INFO:root:Guessed max_plate_nesting = 1
INFO:orbit:step    0 loss = 99.464, scale = 0.096314
INFO:orbit:step  100 loss = -440.69, scale = 0.027092
INFO:orbit:step  200 loss = -441.1, scale = 0.028188
INFO:orbit:step  300 loss = -443.06, scale = 0.029333

[11]:

<orbit.forecaster.svi.SVIForecaster at 0x136f70710>

[12]:

_ = ktr.plot_lev_knots()

[13]:

predicted_df = ktr.predict(df=df)
_ = plot_predicted_data(training_actual_df=df, predicted_df=predicted_df, prediction_percentiles=[2.5, 97.5],
date_col=date_col, actual_col=response_col)


Note this fit is even better than the previous one using less knots. Of course, the case here is trivial because the pandemic onset is treated as known.
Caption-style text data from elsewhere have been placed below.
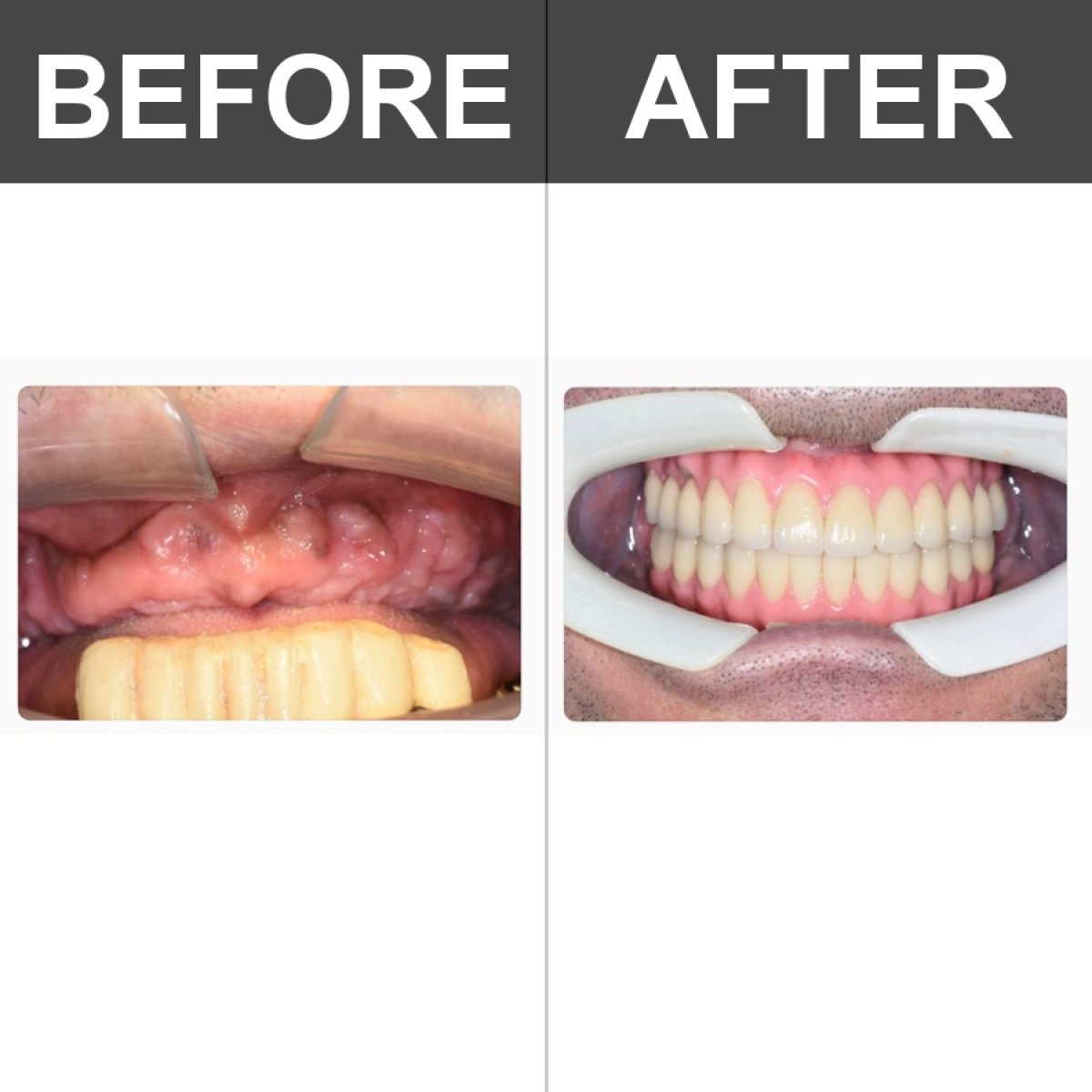 before and after photo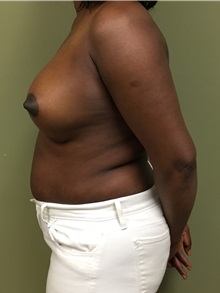 Breast Augmentation After Photo by Matthew Camp, MD; Edina, MN - Case 35268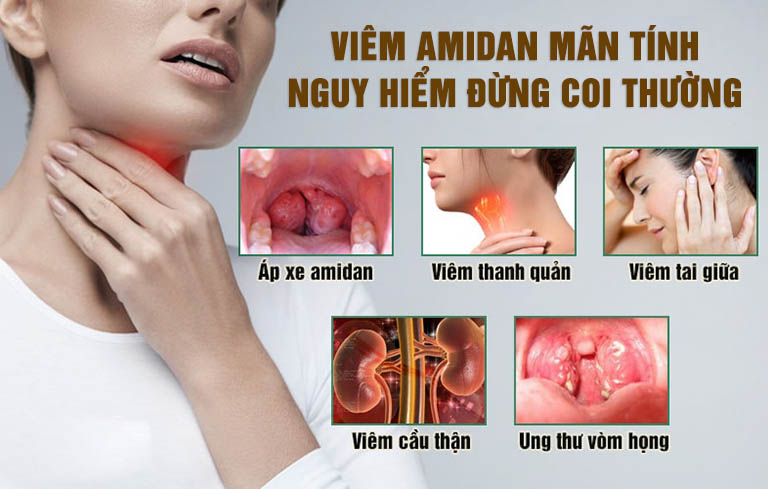 Bệnh có khả năng gây ra nhiều biến chứng nguy hiểm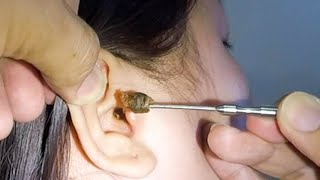 Removing One HUGE EARWAX Stuck in Womans Ear [upl. by Sorcha]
In other cases, there may not be an obvious way to find the optimal knots dates.

## Conclusion¶

This tutorial demonstrates multiple ways to customize the knots location for levels. In KTR, there are similar arguments for seasonality and regression such as seasonality_segments and regression_knot_dates and regression_segments. Due to their similarities with their knots location equivalent arguments they are not demonstrated here. However it is encouraged fro KTR users to explore them.

## References¶

1. Ng, Wang and Dai (2021). Bayesian Time Varying Coefficient Model with Applications to Marketing Mix Modeling, arXiv preprint arXiv:2106.03322

2. Sean J Taylor and Benjamin Letham. 2018. Forecasting at scale. The American Statistician 72, 1 (2018), 37–45. Package version 0.7.1.